Mechanism of action of anti-HER2 monoclonal antibodies

The search for new methods of treating cancer, combined with advances in our understanding of carcinogenesis, molecular biology and technology, has resulted in the development of novel biologic agents with proven clinical efficacy. One such agent is trastuzumab (Herceptin), a humanized monoclonal antibody that targets the human epidermal growth factor receptor-2 (HER2). HER2 is a member of a family of receptors that interact with each other and various ligands to stimulate various intracellular signal transduction pathways involved in cell growth control. HER2 is overexpressed in 20%-30% of women with breast cancer and is associated with aggressive tumor characteristics and poor prognosis. Trastuzumab is the first humanized monoclonal antibody to be approved for therapeutic use and the first oncogene-targeted treatment with proven survival benefit in women with HER2-positive metastatic breast cancer. However, its mechanism of action has not been fully characterized and appears to be complex.
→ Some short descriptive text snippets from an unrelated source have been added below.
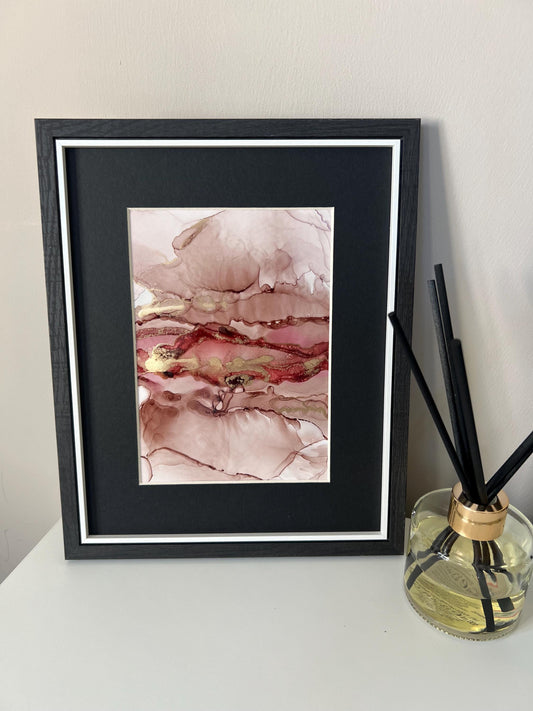 Flame & Luxe: Bold Pink and Gold Metallic Ink Art A5 Painting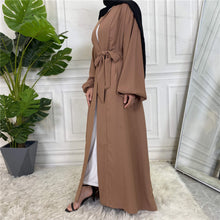 Load image into Gallery viewer, Brown Puff Sleeve Abaya
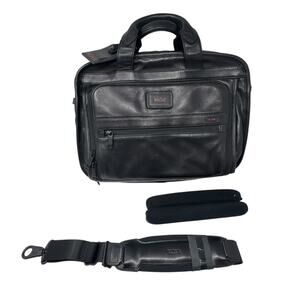 Tumi Alpha Organizer Black Leather Portfolio Briefcase Carry-On NWOT Monogrammed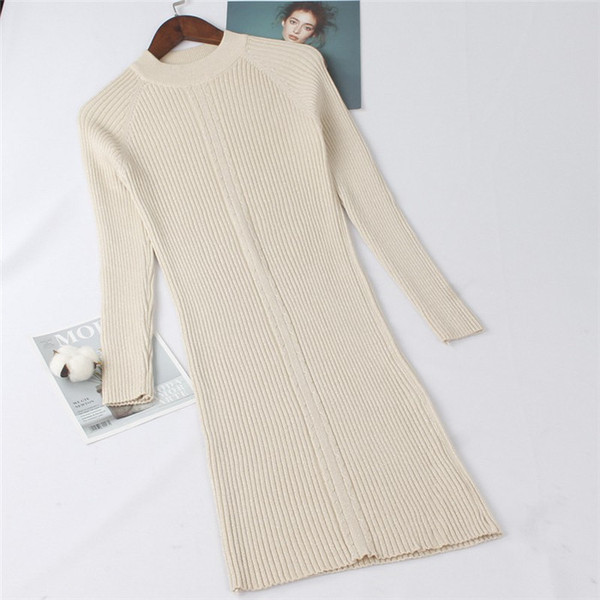 Rochie casual de dama cu maneci lungi si decolteu O in mai multe culori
This paper reviews current knowledge of the mechanism of action of trastuzumab, including HER2 protein downregulation, prevention of HER2-containing heterodimer formation, initiation of G1 arrest and induction of p27, prevention of HER2 cleavage, inhibition of angiogenesis, and induction of immune mechanisms. The significance of these mechanisms for selection of concomitant chemotherapy is also considered.